The notice period will be specified when you open the account, but are most commonly 30 days, 60 days and 90 days – though other terms are available. Generally, accounts with longer notice periods have a higher rate of interest.
The top-rate notice accounts for 30, 60 and 90-day periods are:
- Secure Trust Bank 30-day notice account: paying 1.55% AER, you’ll need a minimum initial deposit of £1,000.
- Secure Trust Bank 60-day notice account: this pays 1.75% AER, also requires a £1,000 deposit.
- OakNorth 90-day notice account: offers 1.77% AER, also requires a £1,000 deposit.
Regular saver accounts
If you have a smaller savings pot, a regular savings account can be a good bet.
You’ll need to save a certain amount each month and depositing less than this, or withdrawing any money, could mean you lose out on the interest you’ve earned, so read the terms and conditions carefully.
Best Term Deposit Rates For 6 Months Libor Rate
The top regular savings accounts are:
- First Direct regular saver account: paying 5% AER, you need to hold a First Direct current account to apply.

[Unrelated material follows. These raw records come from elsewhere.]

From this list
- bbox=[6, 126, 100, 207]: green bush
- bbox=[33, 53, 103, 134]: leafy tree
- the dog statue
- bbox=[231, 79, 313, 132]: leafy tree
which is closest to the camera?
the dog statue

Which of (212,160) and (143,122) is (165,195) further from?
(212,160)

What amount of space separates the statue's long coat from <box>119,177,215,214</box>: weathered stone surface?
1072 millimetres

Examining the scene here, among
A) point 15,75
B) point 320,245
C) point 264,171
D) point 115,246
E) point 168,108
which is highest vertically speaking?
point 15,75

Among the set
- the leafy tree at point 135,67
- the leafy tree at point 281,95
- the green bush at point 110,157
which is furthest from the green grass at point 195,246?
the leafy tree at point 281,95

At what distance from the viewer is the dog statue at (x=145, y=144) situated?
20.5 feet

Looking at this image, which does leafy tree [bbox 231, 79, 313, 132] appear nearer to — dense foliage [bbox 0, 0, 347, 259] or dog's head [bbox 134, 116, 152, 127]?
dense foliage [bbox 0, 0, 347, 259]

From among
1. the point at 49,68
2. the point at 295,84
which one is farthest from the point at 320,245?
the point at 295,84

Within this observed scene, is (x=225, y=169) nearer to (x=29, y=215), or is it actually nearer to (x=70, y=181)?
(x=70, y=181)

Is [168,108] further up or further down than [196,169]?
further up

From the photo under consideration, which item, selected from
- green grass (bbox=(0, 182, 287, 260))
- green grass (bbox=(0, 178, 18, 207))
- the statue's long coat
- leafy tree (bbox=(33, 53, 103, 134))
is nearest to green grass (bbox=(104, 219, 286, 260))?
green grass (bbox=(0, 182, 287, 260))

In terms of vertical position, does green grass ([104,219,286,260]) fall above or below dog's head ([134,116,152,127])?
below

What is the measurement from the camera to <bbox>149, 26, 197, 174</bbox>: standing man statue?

You can pay in between £25-£300 a month for 12 months. If you make any withdrawals during this time, the AER falls to 0.15% AER.
- M&S Bank regular saver account: pays 5% AER. You must hold an M&S Bank current account, and can deposit £25-£250 a month for 12 months. If you close the account before one year, you’ll receive the Everyday Savings Account variable rate, which is currently 0.2% AER.
- HSBC regular saver account (preferential rate): just for HSBC Premier or HSBC Advance customers, you can pay in £25-£250 a month, and you’ll receive 5% AER. If you close your account before the 12-month term, the AER will drop to 0.2% AER.
Best Term Deposit Rates For 6 Months Mortgage
You can search through hundreds of savings and cash Isa accounts with Which? Money Compare.